だが、藤井奈々監督が「それぞれが動くスペースの範囲、ここは誰が狙うべきで、誰が守備をすべきなのかを伝えた」というハーフタイムを介して流れは一変する。選手同士の距離感がよくなると、成宮が前線で攻撃のアクセントになった。
57分には、ゴール前でボールを受けると細かいフェイントを織り交ぜてフィニッシュまで持ち込み、59分には、ドリブルで複数の相手を引きつけながらMF山崎円美のシュートをお膳立てする。そして72分、左サイドを深くえぐった山崎のクロスに頭で鮮やかに合わせて試合を振り出しに戻した。
80分には、交代で投入されたFW小澤寛のグラウンダーのパスをFW大滝麻未が押し込んで逆転。千葉は後半だけで12本のシュートを放ち、決定的なピンチはGK船田麻友を中心に、守備陣が体を張って守りきった。
この勝利で、千葉は首位の浦和と勝ち点「6」差の4位に浮上。台風の影響で消化試合が1試合少なく、残り7試合で優勝も狙える位置につけている。
成宮は試合後、この勝利が持つもう一つの大切な意味を明かした。
「今日のテーマは『千葉のために戦う』でした。前半は本当にみっともない試合をしたので、後半で取り返せ、と監督からも言われましたし、何不自由なくサッカーをできていることに感謝の気持ちを持ってプレーしました。

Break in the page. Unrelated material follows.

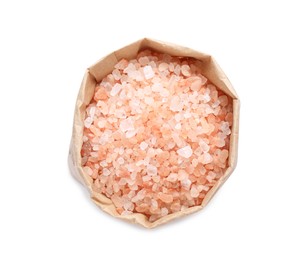 Photo of Pink Himalayan salt in paper bag isolated on white, top view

(台風15号で)被災した方で、試合に足を運んでくれた方もいらっしゃるので。市原市で勝ったということは、勝ち点3以上のものがあると思います」(成宮)
【ケガを乗り越えて進化したプレー】
ダブルタッチや足裏を使ったドリブル、細かいボディフェイントやノールックパス。猛プレッシャーをかける相手を浮き玉で軽やかにかわし、針の穴を通すようなスルーパスで決定機を創り出す。豊富なアイデアと、それを具現化するスキルが生み出す独創的なプレーは成宮の真骨頂だ。
「試合の中で自分がハマっているな、と感じる時は、時が止まったように周りの動きがスローモーションに見えて、相手の逆が取れるんです。感覚的なものですが、そういう時はやっていても楽しいですね。ボールを触りながらペースを作っていくタイプなので、試合のはじめからボールを触ることができれば、それだけリズムが作りやすいです」
成宮が「楽しい」と感じるその瞬間は、集中力が高まることで感覚が極限まで研ぎ澄まされた、いわゆる「ゾーンに入っている」状態なのだろう。ゾーンに入ると時空が歪んで相手の動きが遅くなったり、ボールが大きく見えたりすることもあると聞く。サッカーに限らず、それによって圧倒的なパフォーマンスや結果を残すアスリートがいる。
成宮は日本サッカー協会が立ち上げた中高一貫のエリート養成施設であるJFAアカデミー福島を卒業後、ベガルタ仙台レディースに加入。同年9月にスペランツァFC大阪高槻に移籍して4シーズンを過ごした後、17年から千葉でプレーしている。年代別代表では11年のAFC U-16女子選手権(優勝)と、翌12年のU-17女子W杯(ベスト8)に出場。「最強世代」と言われることもあった両チームを、成宮はキャプテンとして率いた。
千葉のサッカーの根底にあるのは「走る・闘う」というコンセプトだ。粘り強い守備と走力で、相手に食らいつく。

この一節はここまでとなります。